Custom Recipe Using Different Tokens for Each NER Block

Hello!

I am writing a custom recipe to use multiple NER blocks, each relying on a different set of tokens. The task is such that the all blocks need to be annotated at the same time; I can't easily break this into multiple tasks. However, I have only found how to make all the NER blocks rely on the same set of tokens, set in the 'token' key of the example. Ideally, I would like each NER block to pull tokens from a different key, set like "field_id" for "text_input".

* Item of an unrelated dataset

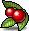 Coca Fruit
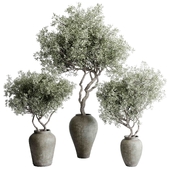 Olive Trees - Indoor plant set 488 concrete dirty vase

Here's a simplified version of my recipe:

from pathlib import Path
from typing import Union, Dict, Any

import srsly
from prodigy.core import recipe


@recipe(
    "ner.double",
    dataset=("Dataset to save annotations to", "positional", None, str),
    example_file=("JSONL file with examples", "positional", None, str),
)
def ner_double(
        dataset: str,
        example_file: Union[str, Path],
) -> Dict[str, Any]:

    def get_stream(examples):
        for example in examples:
            yield {
                "id": example["id"],
                "tokens_1": make_prodigy_tokens(example["key_1"]),
                "tokens_2": make_prodigy_tokens(example["key_2"]),
            }

    examples = srsly.read_jsonl(example_file)
    stream = get_stream(examples)

    blocks = [
        {
            "view_id": "ner_manual",
            "field_id": "tokens_1",  # Does not work.
            "labels": ["label_1"],
        },
        {
            "view_id": "ner_manual",
            "field_id": "tokens_2",  # Does not work.
            "labels": ["label_2"],
        },
    ]

    return {
        "dataset": dataset,
        "stream": stream,
        "view_id": "blocks",
        "config": {
            "blocks": blocks,
        },
    }


class Tokenizer:
    def tokenize(self, text):
        return text.split()


def make_prodigy_tokens(
        string: str,
        tokenizer: Tokenizer = Tokenizer(),
):
    def wrap_token(i, token, last_end):
        start = last_end + string[last_end:].find(token)
        end = start + len(token)
        return {
            "id": i,
            "text": token,
            "start": start,
            "end": end,
        }

    token_list = []
    for i, token in enumerate(tokenizer.tokenize(string)):
        last_end = 0 if i == 0 else token_list[-1]["end"]
        token_dict = wrap_token(i, token, last_end)
        token_list.append(token_dict)
    return token_list

Is there any way to do this?

Thank you in advance!

Hi! At the moment, all blocks need to refer to a single underlying example, so you can only have one "text" and set of "tokens" and "spans". While you could overwrite the blocks for each individual example, the annotations you create would still be written to the same "spans", so that's not really an option.

Probably the easiest solution would be to just combine your texts into one single ner_manual interface and separate the texts with two line break tokens, or similar. You can always store the character offsets of the different texts in the underlying data, which makes it easy to extract the individual texts and annotations separately later on, if you need to. (Each span's offset is start - text_offset and end - text_offset.)

Thanks @ines for the quick reply! I was hoping not to combine the texts into a single NER interface, as they can get long, and it'd be nice to have a visual cue to separate them, but I will try it out!